> What to produce: Your answer must be the exact lines of the listing below that run from the line with "Wit: Kg1, Dd1, Ta1, Tf1, Lc1, Lc4, Pb1, pi" to the line with "Brown Gold Cat", ends included, and no pictures.

> Given entries:
====
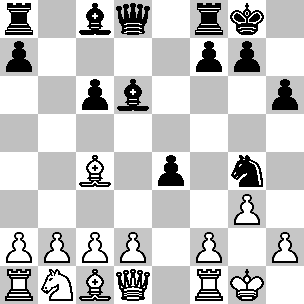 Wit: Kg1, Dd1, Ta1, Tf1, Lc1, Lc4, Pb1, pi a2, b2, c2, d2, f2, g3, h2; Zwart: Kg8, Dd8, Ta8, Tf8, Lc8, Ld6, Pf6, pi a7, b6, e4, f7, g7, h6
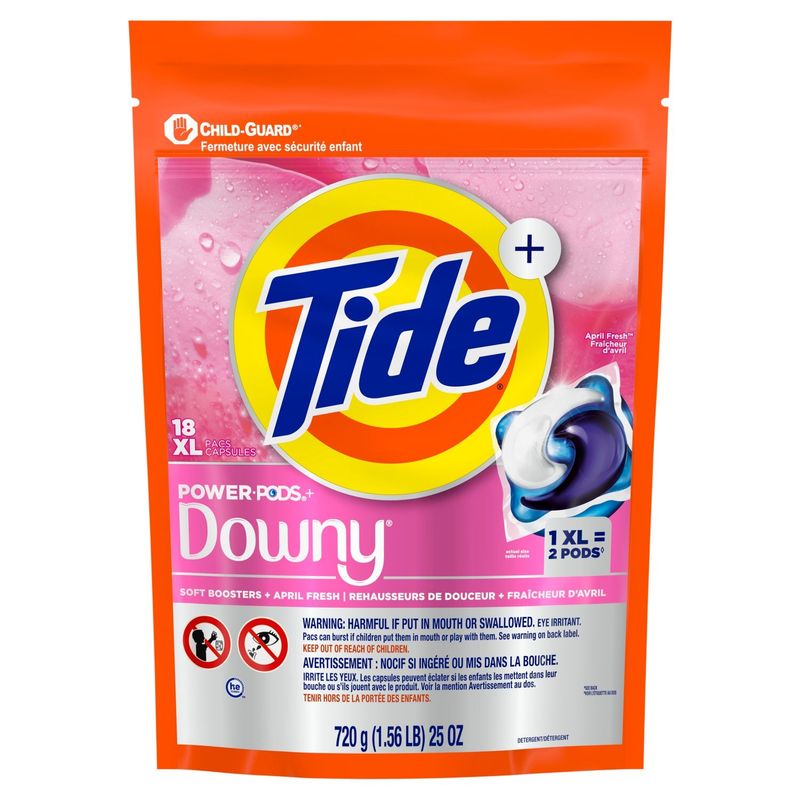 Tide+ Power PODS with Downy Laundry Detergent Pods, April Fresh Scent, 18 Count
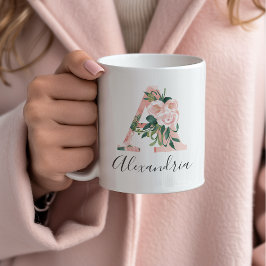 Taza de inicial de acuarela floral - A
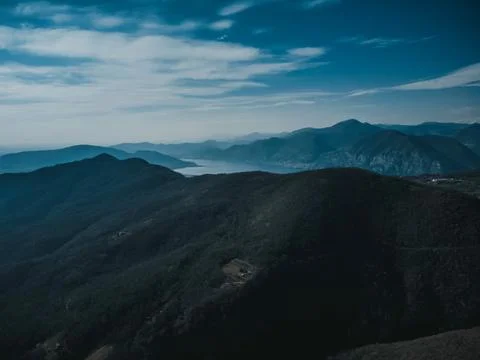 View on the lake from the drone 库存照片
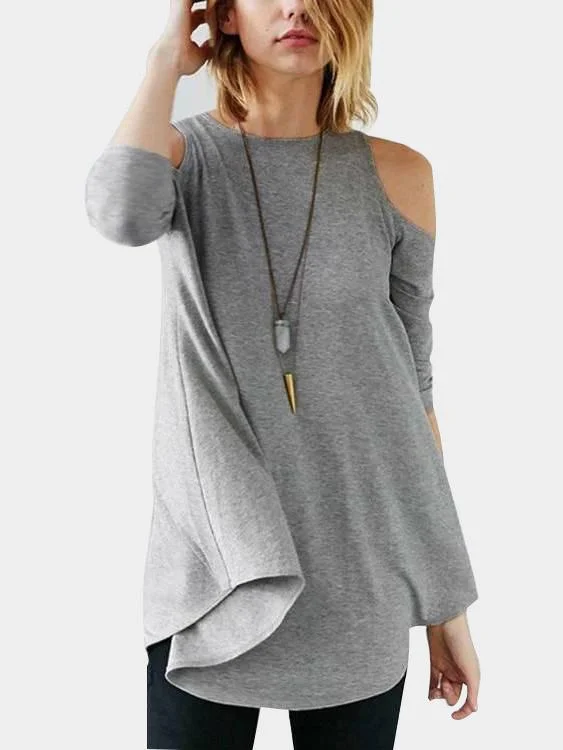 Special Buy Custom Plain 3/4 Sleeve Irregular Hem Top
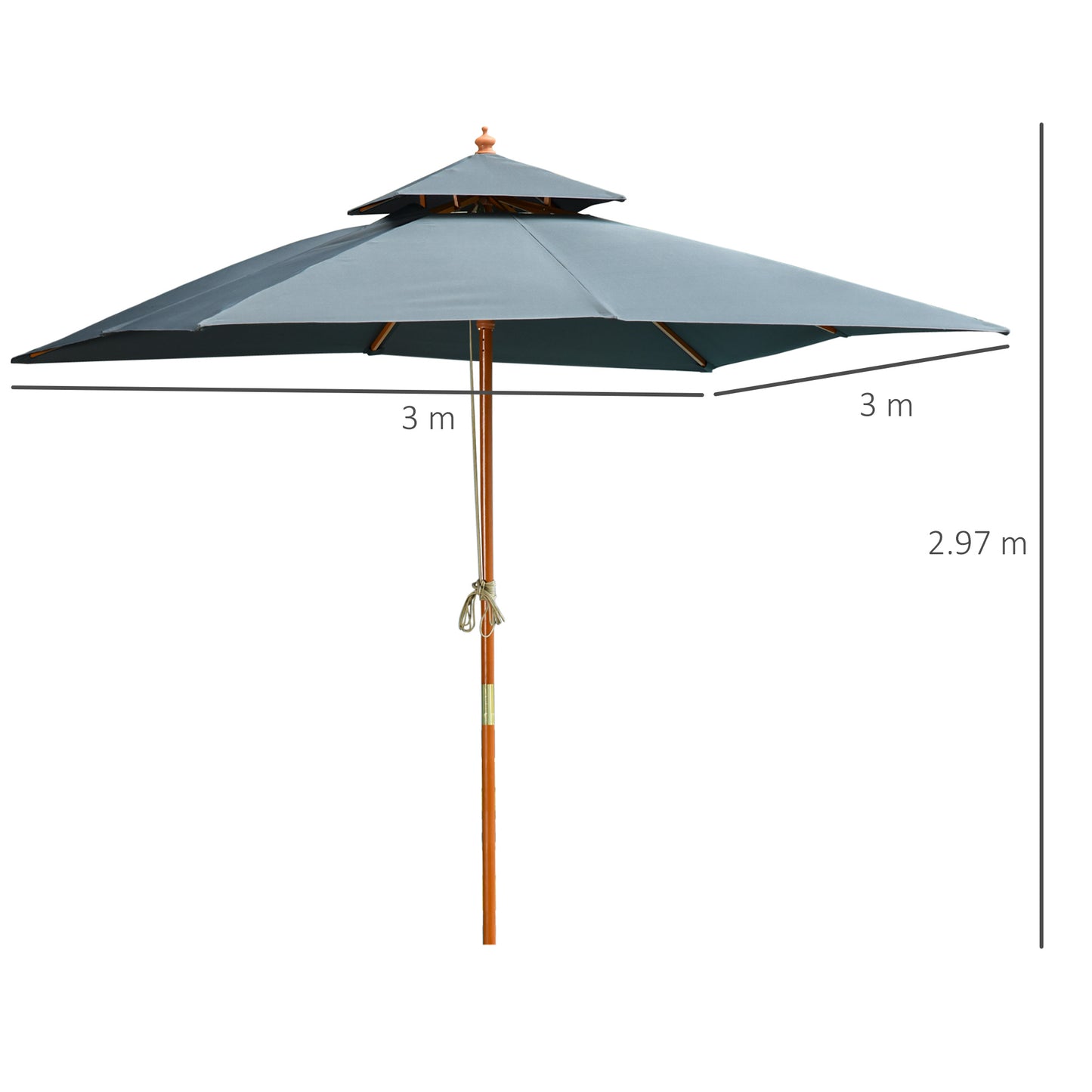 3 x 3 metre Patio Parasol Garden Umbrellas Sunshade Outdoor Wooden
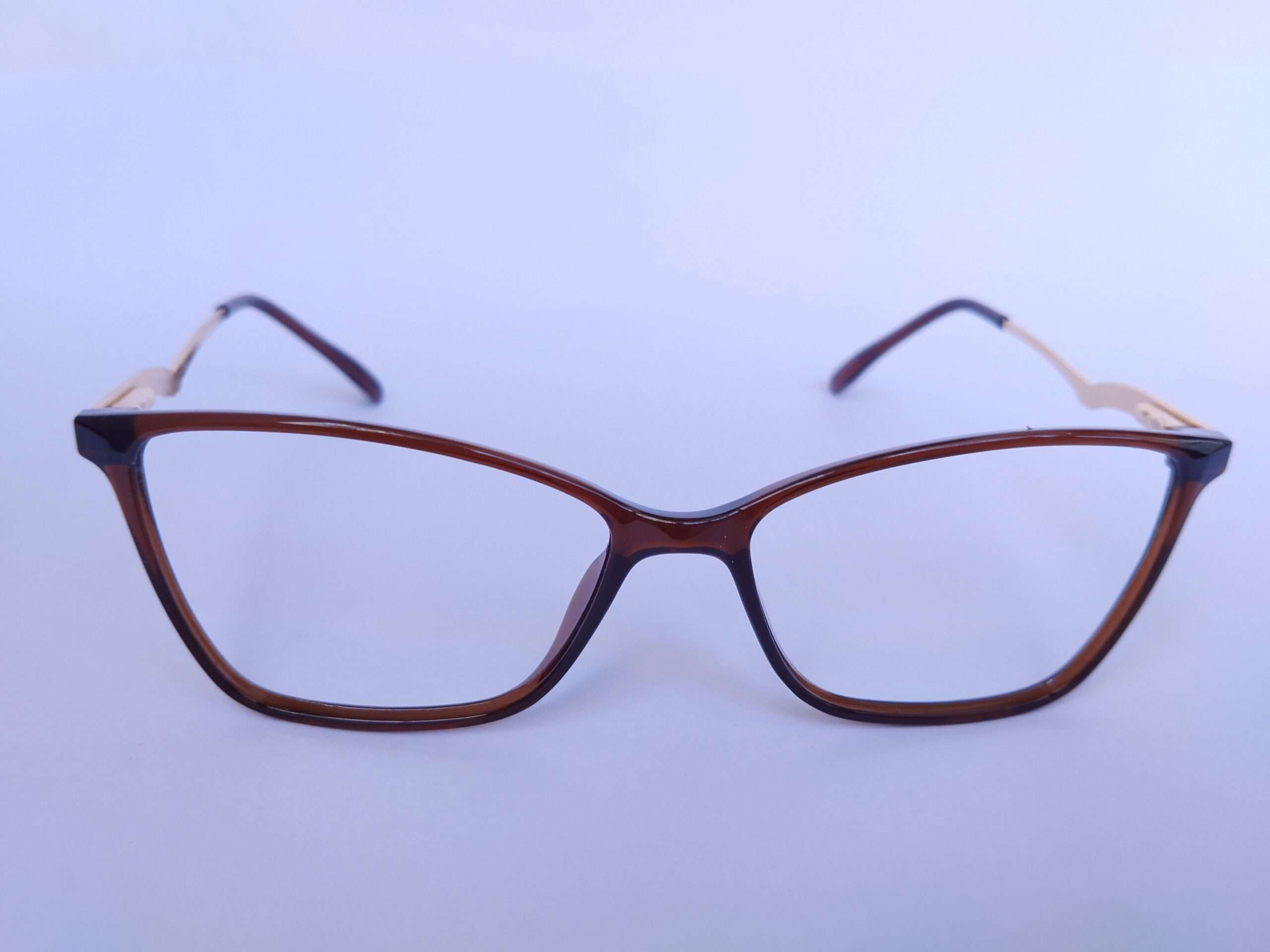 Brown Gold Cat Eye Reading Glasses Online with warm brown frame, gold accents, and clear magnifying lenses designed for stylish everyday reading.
====
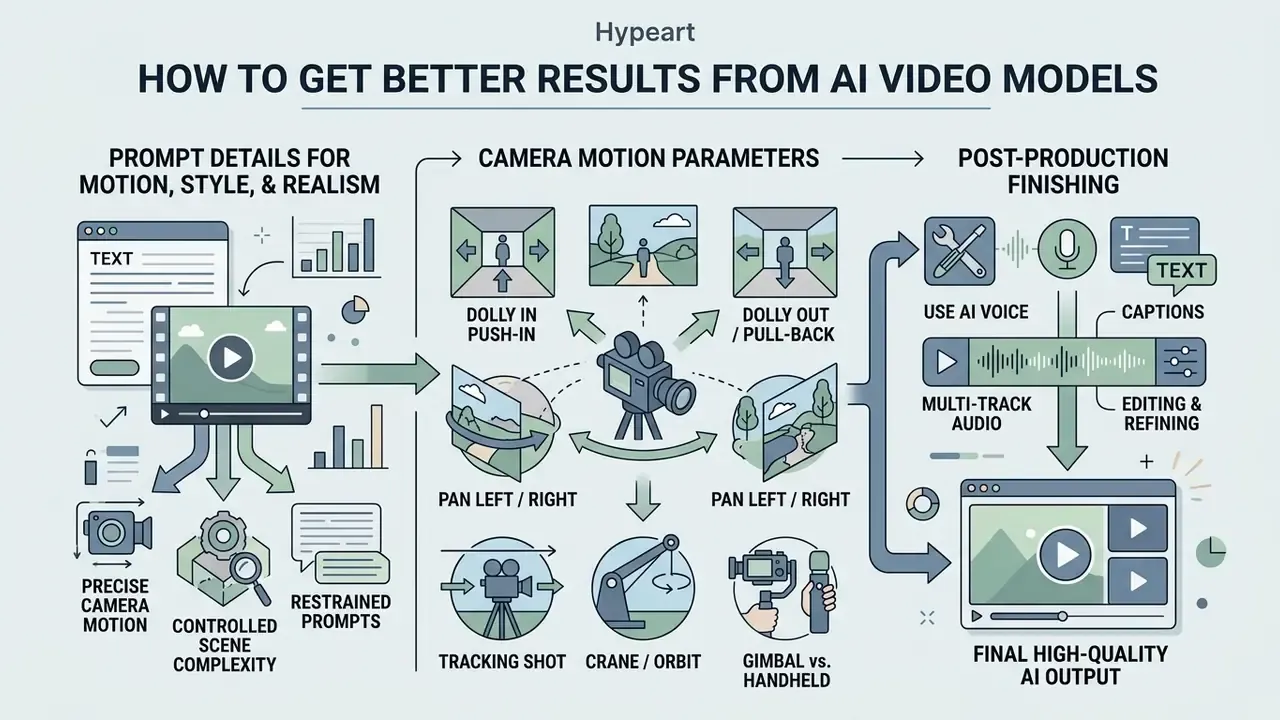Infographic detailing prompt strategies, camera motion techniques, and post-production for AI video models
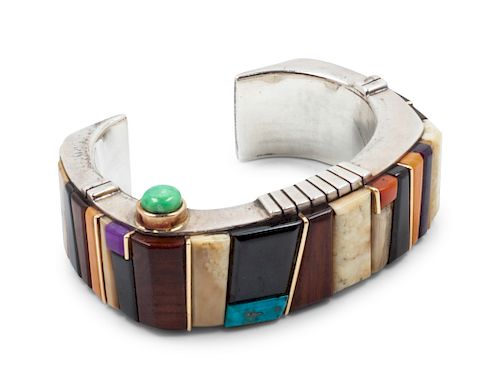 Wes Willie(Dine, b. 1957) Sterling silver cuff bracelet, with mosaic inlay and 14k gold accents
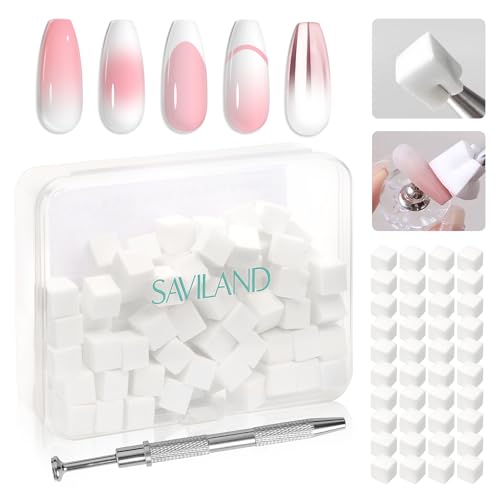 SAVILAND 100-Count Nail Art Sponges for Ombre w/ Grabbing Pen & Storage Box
====
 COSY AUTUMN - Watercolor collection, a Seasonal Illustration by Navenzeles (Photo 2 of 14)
====
> Expected output:
 Wit: Kg1, Dd1, Ta1, Tf1, Lc1, Lc4, Pb1, pi a2, b2, c2, d2, f2, g3, h2; Zwart: Kg8, Dd8, Ta8, Tf8, Lc8, Ld6, Pf6, pi a7, b6, e4, f7, g7, h6
 Tide+ Power PODS with Downy Laundry Detergent Pods, April Fresh Scent, 18 Count
 Taza de inicial de acuarela floral - A
 View on the lake from the drone 库存照片
 Special Buy Custom Plain 3/4 Sleeve Irregular Hem Top
 3 x 3 metre Patio Parasol Garden Umbrellas Sunshade Outdoor Wooden
 Brown Gold Cat Eye Reading Glasses Online with warm brown frame, gold accents, and clear magnifying lenses designed for stylish everyday reading.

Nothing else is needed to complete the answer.